TASK ITEM: Below is a block of records; reproduce all of them exactly and leave out any pictures.

INFORMATION PROVIDED:
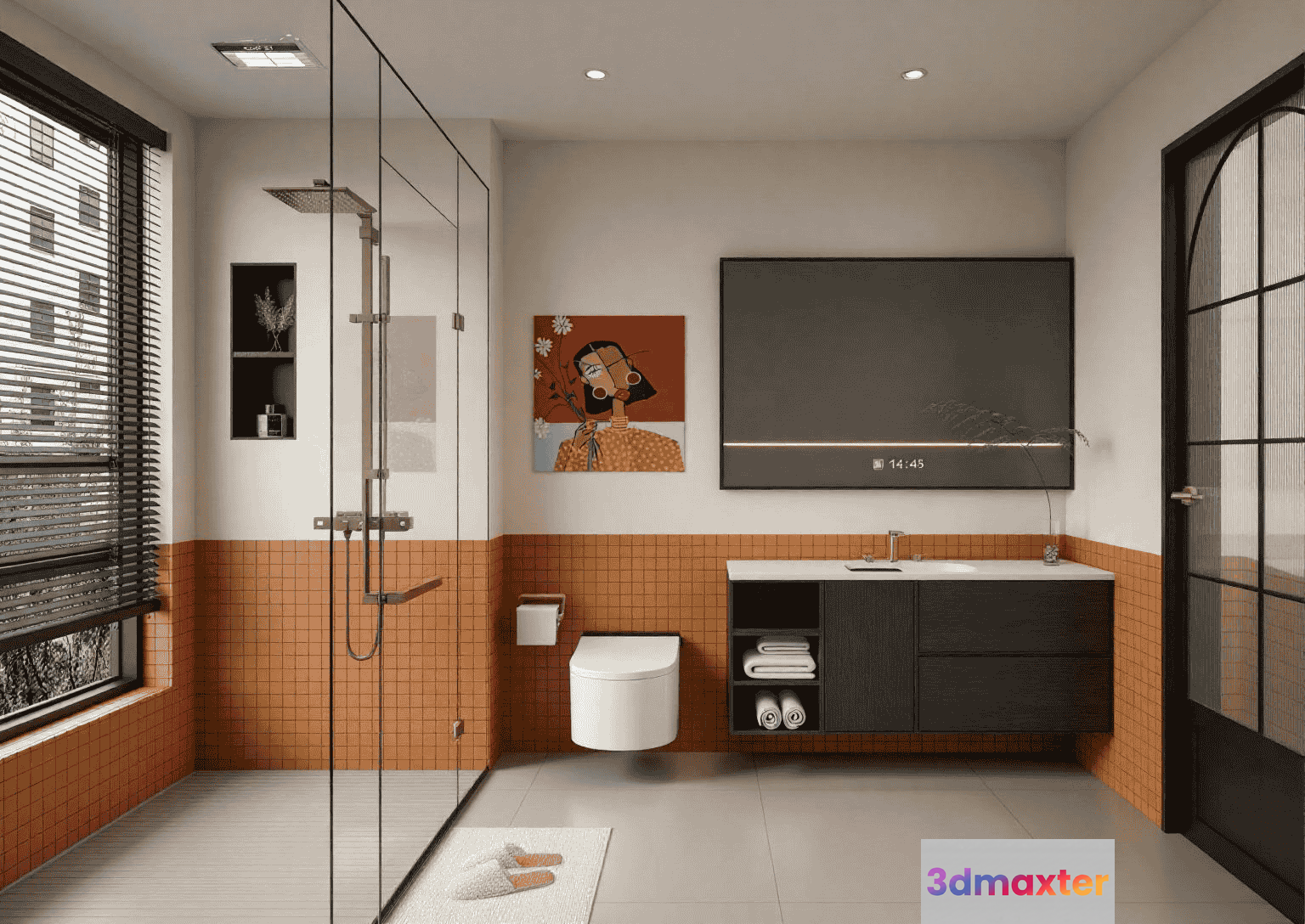 Modern Bathroom Suite 3D Model - 14479 - VRAY Render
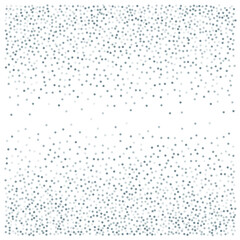 Silver glitter background, metal christmas confetti falling. light magic shining Flying glitter dots, sparkle  particles vector border backdrop. shimmer shiny halftone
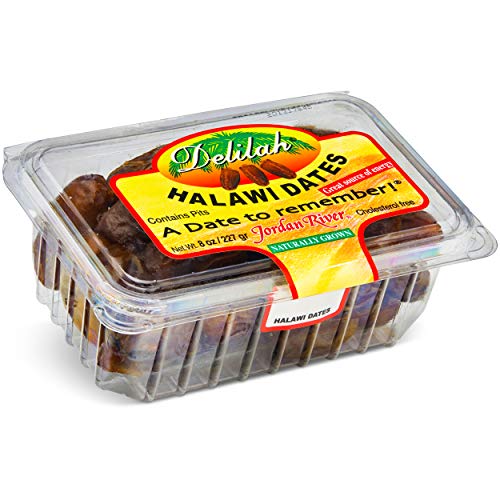 Delilah Jordan River Natural Halawi Dates 8 Ounce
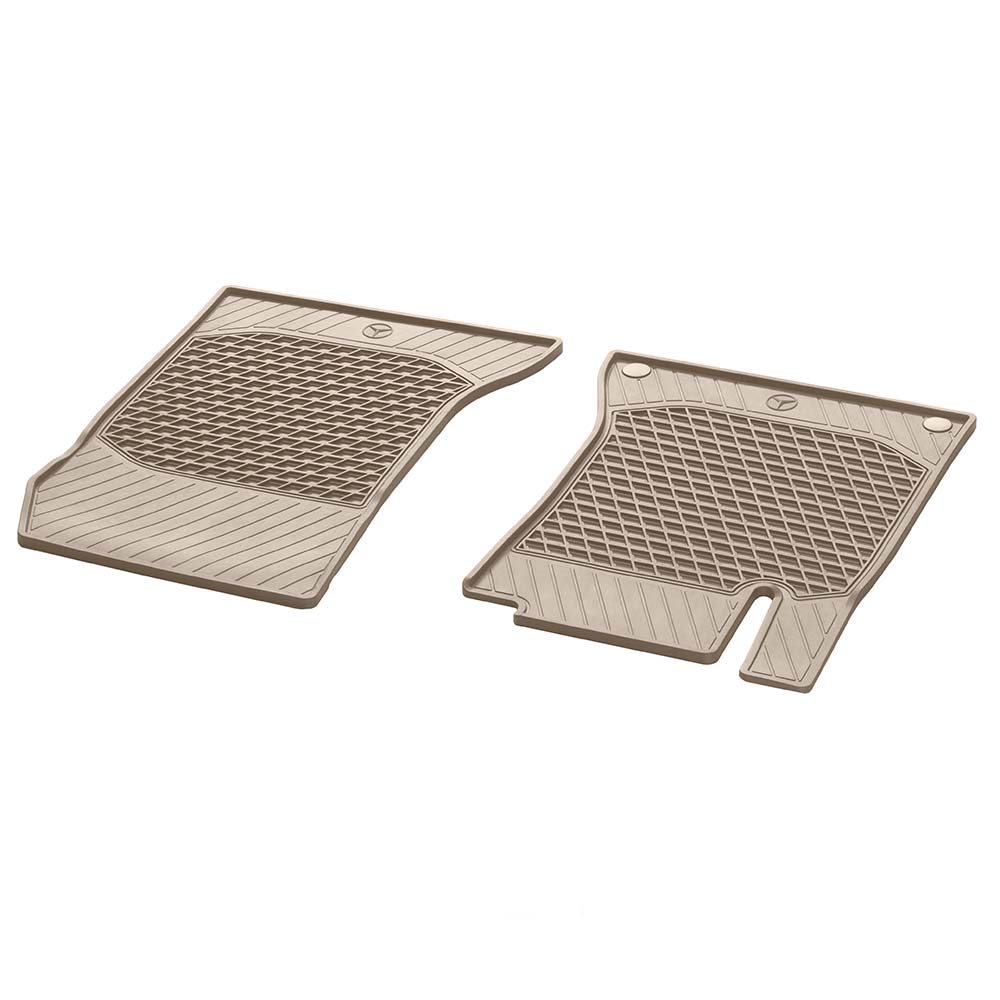 Genuine Mercedes-Benz OEM TPE gummi gulvmatter til Mercedes Maybach S (X222) 2014–2020 – silkebeige, 2 stk foran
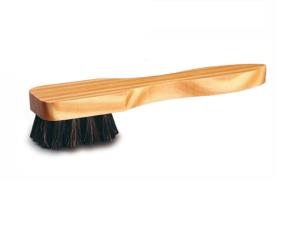 Cepillo P/Zapato 4.7X3.5X2.3Cm Cuerpo Madera Barnizado Pelo Natural Negro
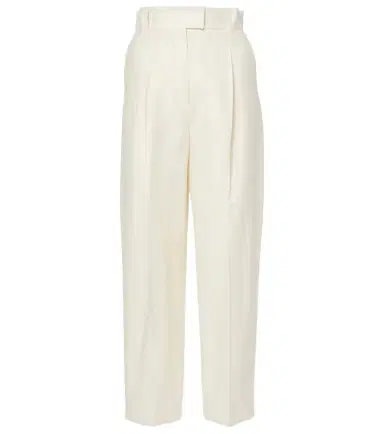 Max Mara Efedra high-rise straight pants | Thumbnail 1 Max Mara Efedra high-rise straight pants | Thumbnail 1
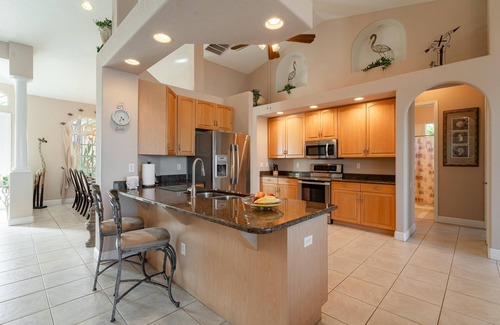 Burnt Store House | Amazing sunsets, Fishing from the dock, Large lanai & Pool - Villa Boa Vista - Roelens Vacations
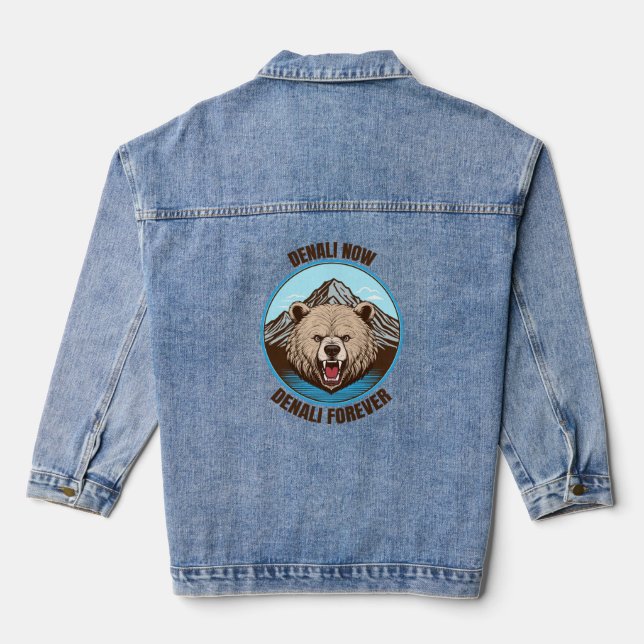 Denali Now, Denali Forever Denim Jacket (Back)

EXERCISE RESULT:
 Modern Bathroom Suite 3D Model - 14479 - VRAY Render
 Silver glitter background, metal christmas confetti falling. light magic shining Flying glitter dots, sparkle  particles vector border backdrop. shimmer shiny halftone
 Delilah Jordan River Natural Halawi Dates 8 Ounce
 Genuine Mercedes-Benz OEM TPE gummi gulvmatter til Mercedes Maybach S (X222) 2014–2020 – silkebeige, 2 stk foran
 Cepillo P/Zapato 4.7X3.5X2.3Cm Cuerpo Madera Barnizado Pelo Natural Negro
 Max Mara Efedra high-rise straight pants | Thumbnail 1 Max Mara Efedra high-rise straight pants | Thumbnail 1
 Burnt Store House | Amazing sunsets, Fishing from the dock, Large lanai & Pool - Villa Boa Vista - Roelens Vacations
 Denali Now, Denali Forever Denim Jacket (Back)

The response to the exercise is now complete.